===== RECORDS FOR PROCESSING
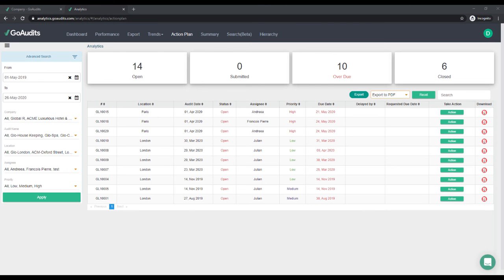Give your team the ability to identify the things that are not right in your company, turn them into actions, assign them to the right people, and have them immediately fixed. Be in total control by being able to manage and review all the action plans from the Action Plan dashboards.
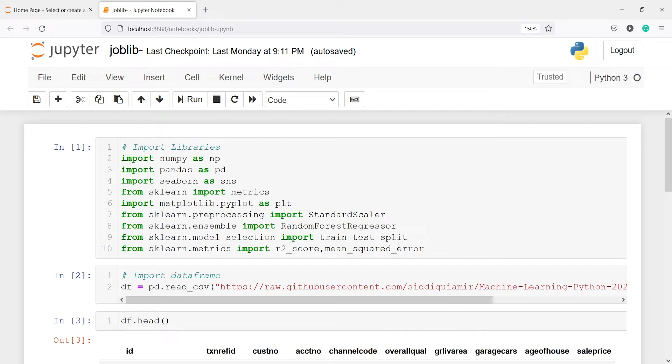In this video we will see how to save a trained machine learning model in a computer or laptop, so you can use the same saved model later on to make predictions. You don't need to train your model again. You just have to call your model object and it will make predictions.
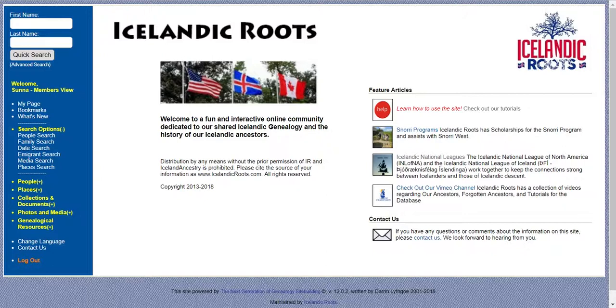Hi! Do you want to find your cousins in Iceland? This is a very short tutorial on how to do that. First of all, you'll need to log in to Icelandic Roots Database.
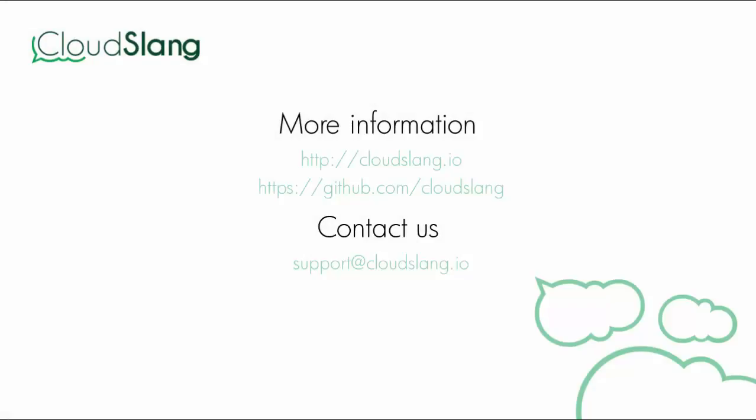I would like to thank you all for your time and for watching this video. And of course, go to the CloudSlang repository on the GitHub and contribute on it. Thank you.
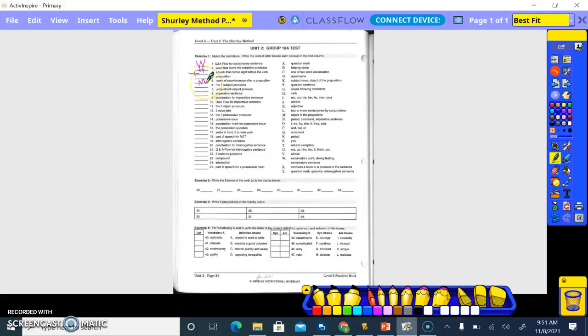Okay, what about number four? So four. Preposition, what is that? What's the preposition's job? Yep, so letter X.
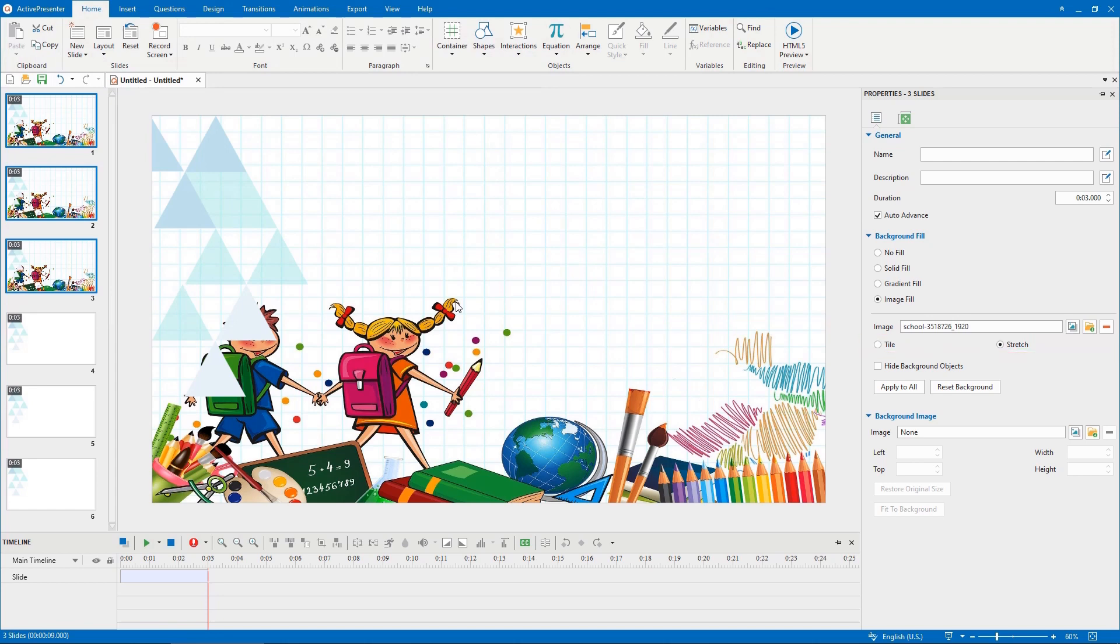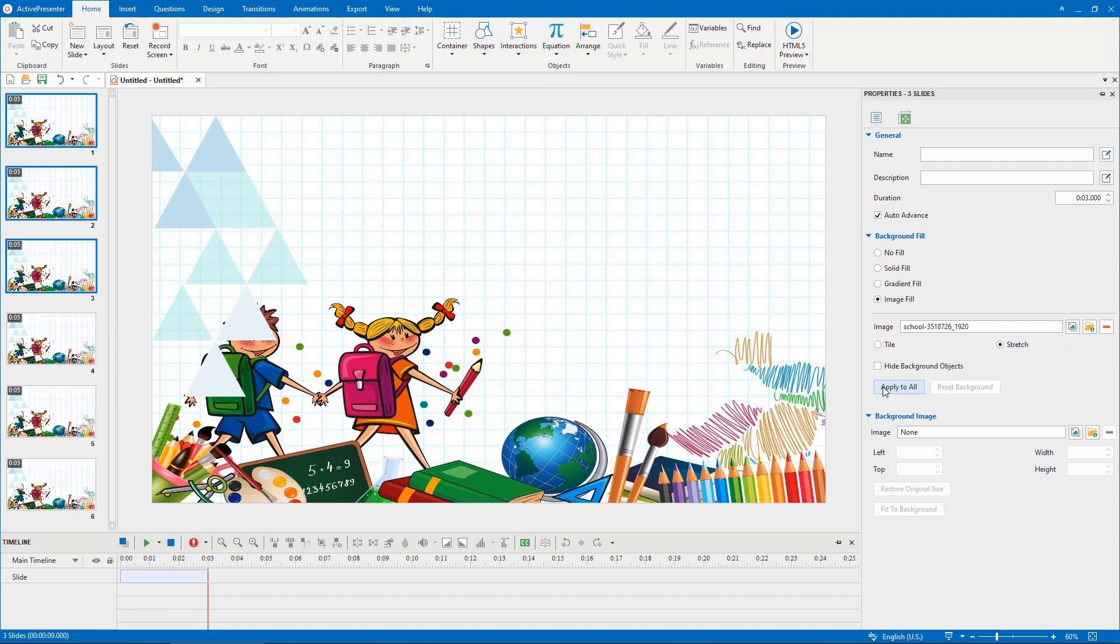Click on this button to apply this background image to all slides in your project.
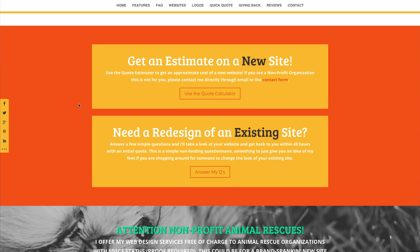We've all experienced that client call or email exchange in which someone — and sometimes it feels like everyone — wants to nickel and dime us on our rates, question why one thing costs as much as it does, or if they can get this or that for free, and on and on. This plugin will take much of that completely out of the equation by providing an automated quote to those who take the time to go through the form, all without ever having to take a call or manually exchange an email.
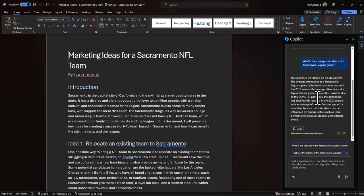Copilot really is your personal assistant and you can do so much more. I'm excited to learn how you're using this in your day-to-day. Feel free to email me or comment in the section below. Thanks!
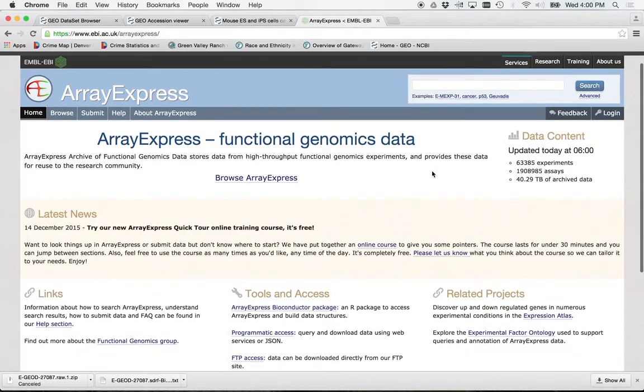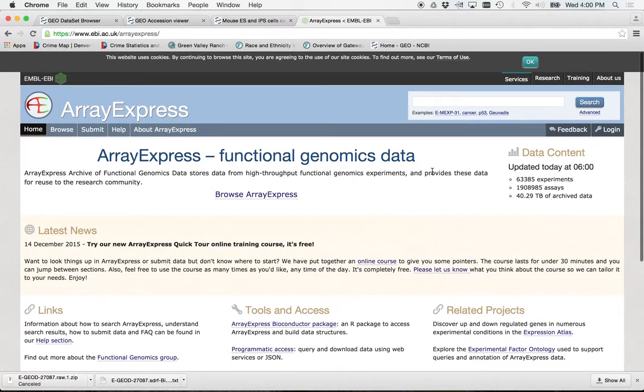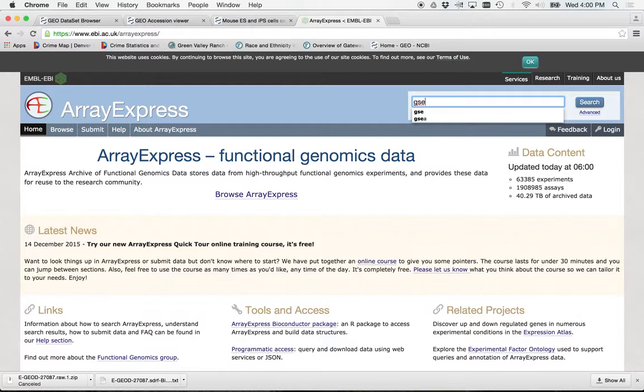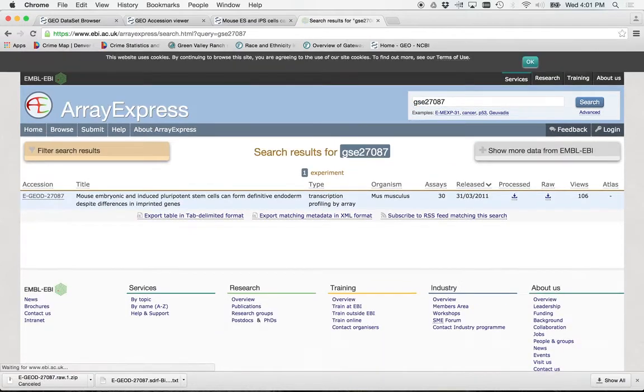Okay. So in Array Express, you can basically search it the same way. Let's put in our accession numbers. So go GSE 27087. I think I've memorized it by now. Hit return.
==========
DIRECTIONS.
Only the records, copied exactly and without pictures, should make up the answer.

EXERCISE RESPONSE.
Give your team the ability to identify the things that are not right in your company, turn them into actions, assign them to the right people, and have them immediately fixed. Be in total control by being able to manage and review all the action plans from the Action Plan dashboards.
In this video we will see how to save a trained machine learning model in a computer or laptop, so you can use the same saved model later on to make predictions. You don't need to train your model again. You just have to call your model object and it will make predictions.
Hi! Do you want to find your cousins in Iceland? This is a very short tutorial on how to do that. First of all, you'll need to log in to Icelandic Roots Database.
I would like to thank you all for your time and for watching this video. And of course, go to the CloudSlang repository on the GitHub and contribute on it. Thank you.
Okay, what about number four? So four. Preposition, what is that? What's the preposition's job? Yep, so letter X.
Click on this button to apply this background image to all slides in your project.
We've all experienced that client call or email exchange in which someone — and sometimes it feels like everyone — wants to nickel and dime us on our rates, question why one thing costs as much as it does, or if they can get this or that for free, and on and on. This plugin will take much of that completely out of the equation by providing an automated quote to those who take the time to go through the form, all without ever having to take a call or manually exchange an email.
Copilot really is your personal assistant and you can do so much more. I'm excited to learn how you're using this in your day-to-day. Feel free to email me or comment in the section below. Thanks!
Okay. So in Array Express, you can basically search it the same way. Let's put in our accession numbers. So go GSE 27087. I think I've memorized it by now. Hit return.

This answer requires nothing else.